WORK ITEM -
Emit all the data exactly as provided.

SUPPLIED INFORMATION -
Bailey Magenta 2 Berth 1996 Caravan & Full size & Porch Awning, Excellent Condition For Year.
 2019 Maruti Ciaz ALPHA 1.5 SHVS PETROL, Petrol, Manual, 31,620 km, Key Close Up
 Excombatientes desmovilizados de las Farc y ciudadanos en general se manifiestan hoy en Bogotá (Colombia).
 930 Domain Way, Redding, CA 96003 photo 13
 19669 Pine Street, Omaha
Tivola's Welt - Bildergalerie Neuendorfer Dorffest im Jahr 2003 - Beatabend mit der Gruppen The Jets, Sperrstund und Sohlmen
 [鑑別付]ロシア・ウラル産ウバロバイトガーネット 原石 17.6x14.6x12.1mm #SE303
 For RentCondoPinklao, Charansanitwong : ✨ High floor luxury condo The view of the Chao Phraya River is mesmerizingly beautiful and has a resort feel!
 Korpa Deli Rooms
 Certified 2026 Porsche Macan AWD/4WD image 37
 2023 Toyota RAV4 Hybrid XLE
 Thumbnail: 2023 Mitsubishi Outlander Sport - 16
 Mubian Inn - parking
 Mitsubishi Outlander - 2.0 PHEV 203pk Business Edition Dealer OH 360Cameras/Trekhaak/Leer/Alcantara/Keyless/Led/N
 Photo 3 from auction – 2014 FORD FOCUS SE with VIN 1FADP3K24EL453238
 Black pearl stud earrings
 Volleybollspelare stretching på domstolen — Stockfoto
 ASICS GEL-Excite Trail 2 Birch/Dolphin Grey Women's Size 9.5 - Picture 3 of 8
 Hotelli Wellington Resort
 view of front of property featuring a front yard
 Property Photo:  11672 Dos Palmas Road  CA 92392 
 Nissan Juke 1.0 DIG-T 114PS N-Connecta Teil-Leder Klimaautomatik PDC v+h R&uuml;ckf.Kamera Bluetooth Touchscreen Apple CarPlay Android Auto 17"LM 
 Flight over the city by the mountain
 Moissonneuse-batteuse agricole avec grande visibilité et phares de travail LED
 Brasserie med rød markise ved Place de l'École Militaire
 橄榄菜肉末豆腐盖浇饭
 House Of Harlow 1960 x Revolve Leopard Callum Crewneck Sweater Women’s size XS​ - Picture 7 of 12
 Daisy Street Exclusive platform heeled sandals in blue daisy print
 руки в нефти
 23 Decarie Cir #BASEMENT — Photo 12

EXERCISE ANSWER -
Bailey Magenta 2 Berth 1996 Caravan & Full size & Porch Awning, Excellent Condition For Year.
 2019 Maruti Ciaz ALPHA 1.5 SHVS PETROL, Petrol, Manual, 31,620 km, Key Close Up
 Excombatientes desmovilizados de las Farc y ciudadanos en general se manifiestan hoy en Bogotá (Colombia).
 930 Domain Way, Redding, CA 96003 photo 13
 19669 Pine Street, Omaha
Tivola's Welt - Bildergalerie Neuendorfer Dorffest im Jahr 2003 - Beatabend mit der Gruppen The Jets, Sperrstund und Sohlmen
 [鑑別付]ロシア・ウラル産ウバロバイトガーネット 原石 17.6x14.6x12.1mm #SE303
 For RentCondoPinklao, Charansanitwong : ✨ High floor luxury condo The view of the Chao Phraya River is mesmerizingly beautiful and has a resort feel!
 Korpa Deli Rooms
 Certified 2026 Porsche Macan AWD/4WD image 37
 2023 Toyota RAV4 Hybrid XLE
 Thumbnail: 2023 Mitsubishi Outlander Sport - 16
 Mubian Inn - parking
 Mitsubishi Outlander - 2.0 PHEV 203pk Business Edition Dealer OH 360Cameras/Trekhaak/Leer/Alcantara/Keyless/Led/N
 Photo 3 from auction – 2014 FORD FOCUS SE with VIN 1FADP3K24EL453238
 Black pearl stud earrings
 Volleybollspelare stretching på domstolen — Stockfoto
 ASICS GEL-Excite Trail 2 Birch/Dolphin Grey Women's Size 9.5 - Picture 3 of 8
 Hotelli Wellington Resort
 view of front of property featuring a front yard
 Property Photo:  11672 Dos Palmas Road  CA 92392 
 Nissan Juke 1.0 DIG-T 114PS N-Connecta Teil-Leder Klimaautomatik PDC v+h R&uuml;ckf.Kamera Bluetooth Touchscreen Apple CarPlay Android Auto 17"LM 
 Flight over the city by the mountain
 Moissonneuse-batteuse agricole avec grande visibilité et phares de travail LED
 Brasserie med rød markise ved Place de l'École Militaire
 橄榄菜肉末豆腐盖浇饭
 House Of Harlow 1960 x Revolve Leopard Callum Crewneck Sweater Women’s size XS​ - Picture 7 of 12
 Daisy Street Exclusive platform heeled sandals in blue daisy print
 руки в нефти
 23 Decarie Cir #BASEMENT — Photo 12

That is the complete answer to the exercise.